The women, Mary Magdalene and “the other Mary,” become the first witnesses to the empty tomb. In a world where women were often not treated as reliable public witnesses, Matthew places them at the center of the resurrection account. That is not accidental. God again works through those the world is likely to discount. The risen Christ is first announced not in the temple courts or before political power, but to faithful women who came in love and grief. Grace often breaks in through people others overlook (Keener).
This passage also shows that resurrection faith is not vague spirituality. Matthew anchors it in concrete events, a specific tomb, a stone, frightened guards, an angelic announcement, and a risen Jesus who meets His followers on the road. The resurrection is not presented as an inner feeling that Jesus lives on in memory. It is announced as an act of God in history. Because Jesus is raised, fear is challenged, worship is invited, and mission begins to move forward again (Davies and Allison).
Origin and Name
The Gospel takes its name from Matthew, also called Levi, the tax collector whom Jesus called into discipleship. That detail still matters because Matthew’s own story reflects the grace of Christ. A man many would have dismissed becomes the one whose Gospel shows again and again that Jesus is the fulfillment of Israel’s hope and the Savior who welcomes the outsider (France).
Authorship
Early church tradition identifies Matthew as the author of this Gospel. While scholars discuss how the Gospel was composed and what sources may have been used, the text itself carries a distinctly Jewish texture, deep familiarity with Scripture, and a strong concern to show that Jesus fulfills the story of Israel. Its theological voice is careful, structured, and pastoral, helping the church understand who Jesus is and what faithful discipleship looks like (Keener).
Date and Setting
Matthew was likely written between AD 70 and 90, after the destruction of the Jerusalem temple. That was a painful and disorienting period for Jewish communities and for Jewish Christians. Questions about identity, authority, and the future were pressing. Matthew writes into that setting by presenting Jesus as the true Messiah, the one in whom God’s purposes have not failed but have come to fulfillment (Davies and Allison).
Purpose and Themes
Matthew presents Jesus as the promised Messiah, the Son of David, the new Moses, and the one who brings the kingdom of heaven near. Major themes include fulfillment of Scripture, discipleship, righteousness, judgment, mercy, and the widening reach of God’s saving work.
Structure
The Gospel combines narrative and teaching, moving through key scenes in Jesus’ life and ministry and arranging much of His teaching into five major discourse sections. This pattern gives the book both story and instruction.
Significance
Matthew stands as a bridge between the Old Testament and the New. It shows that Jesus does not discard God’s promises to Israel but fulfills them, deepens them, and carries them forward.

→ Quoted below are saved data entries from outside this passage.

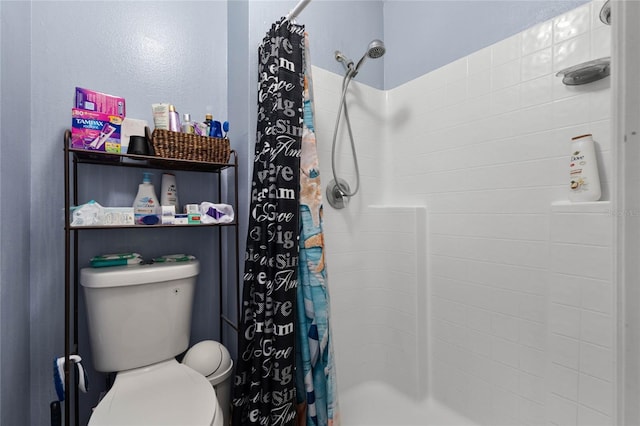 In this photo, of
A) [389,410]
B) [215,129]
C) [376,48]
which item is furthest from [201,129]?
[389,410]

Matthew 28:1–10 comes after betrayal, trial, crucifixion, and burial. The powers of religion and empire have done what they can. The tomb was sealed at the end of chapter 27, and guards were posted to prevent interference. Human authority has tried to shut the matter down. Then chapter 28 opens with God overturning every human claim to finality. The resurrection is Matthew’s answer to the question hanging over the passion story: Has evil won? Matthew’s answer is no. God has vindicated Jesus.

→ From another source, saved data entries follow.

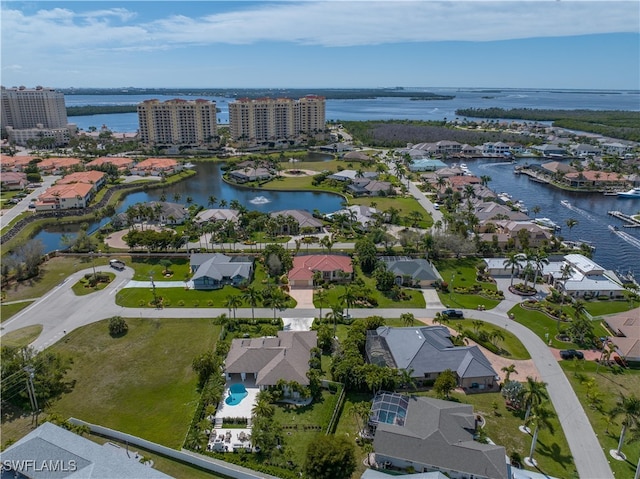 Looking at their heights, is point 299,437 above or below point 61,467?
below

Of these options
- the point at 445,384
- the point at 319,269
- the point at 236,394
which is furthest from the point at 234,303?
the point at 445,384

Within Matthew’s Gospel, this passage completes what has been building from the start. Jesus is called Emmanuel in chapter 1. He is worshiped by the magi in chapter 2. He teaches with authority, forgives sins, calms storms, confronts demons, and speaks openly about His coming death and resurrection. The resurrection does not appear out of nowhere. It is the vindication of who Jesus has been all along (Wright).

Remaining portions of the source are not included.